A group of “anti-foreclosure” protestors disrupted a lecture given by Federal Housing Finance Agency Director Mel Watt at Harvard Law School on Monday, eventually leading to the event being prematurely canceled amid security concerns.
According to the Harvard Crimson, the event was supposed to be a “fire-side chat” about the role of the FHFA and federal housing policy, but scores of housing rights advocates showed up and repeatedly interrupted Watt.
The Harvard Crimson report states that members of three groups, City Life, Lynn United for Change, and Springfield No One Leaves, made up nearly all of the audience at the event.
And what do those groups want? They want Watt to approve principal reduction plans for Fannie Mae and Freddie Mac.
Last month, the Wall Street Journal reported that the FHFA recently approved a plan for the government-sponsored enterprises to engage in principal reduction on a large scale for the first time since the housing crisis.
But later that same day, Watt gave a speech at a public policy luncheon hosted by the Women in Housing and Finance, in which he said that the issue of principal reduction has been the “most challenging” that the FHFA has faced in his two years there and that in actuality, no decision on principal reduction had been made.

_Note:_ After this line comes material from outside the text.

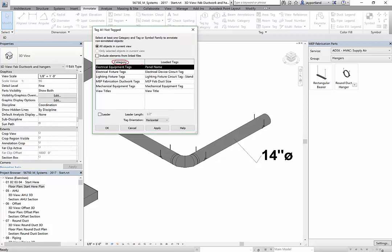If I look at tag all, you have all of these categories. You've got the category listing, and then it's automatically going to load a tag that's loaded in the project, and whenever it sees an MEP fabrication ductwork category, it's going to load this particular tag which is called MEP fab duct size.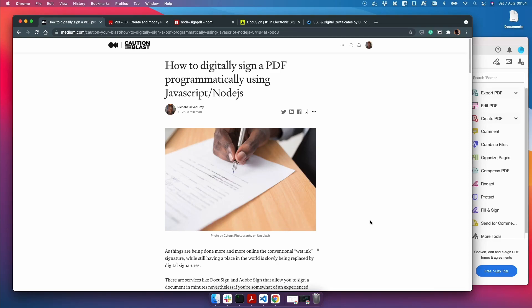Okay, so in this video we're going to talk about how to sign a PDF programmatically using JavaScript and Node. Now I've already written a Medium article about how to do it and I'll have a link to this in the description if you're interested, but I thought I'd make a video as well for those who learn better by watching videos.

Watt also said that his objective for any principal reduction plan was to achieve a “win-win” situation for borrowers and the GSEs alike.
“Many have asked why it has taken so long to reach a conclusion. The direct answer is that making this determination involves consideration of an extremely complicated set of factors,” Watt said at the time.
Watt told the audience Monday that the FHFA is not prepared to announce a decision on principal reduction, but planned to announce it soon.
“We are, however, drawing close to the end of this difficult process, and I expect to announce a decision within the next 30 days about whether we have been able to find a ‘win-win’ principal reduction strategy or whether, on the other hand, we will take principal reduction off the table entirely,” Watt said.
Watt gave that speech on March 22, so the 30-day window for announcing a decision is still open, but the protestors at Harvard want a decision on principal reduction made yesterday not tomorrow.
But after the protestors continually interrupted Watt, Harvard Law School professor Hal Scott, who organized the event, escorted Watt from the event, citing security concerns.
From the Harvard Crimson:
Scott expressed disappointment that Watt was unable to finish the discussion, and raised concerns over security protocol in place at Harvard. Scott said he thinks security should have removed the protesters.
“I would hope Harvard’s policies are that we don’t allow people to come and disrupt events,” he said. “Where do we draw the line? Can these people come into classrooms, and we do nothing?... I was appalled, quite frankly, that security didn’t do more.”
According to the Crimson report, Scott took Watt to his office to finish the discussion and plans to release it to his students at a later date.
A representative from the FHFA told HousingWire that they would not be commenting on the Harvard event.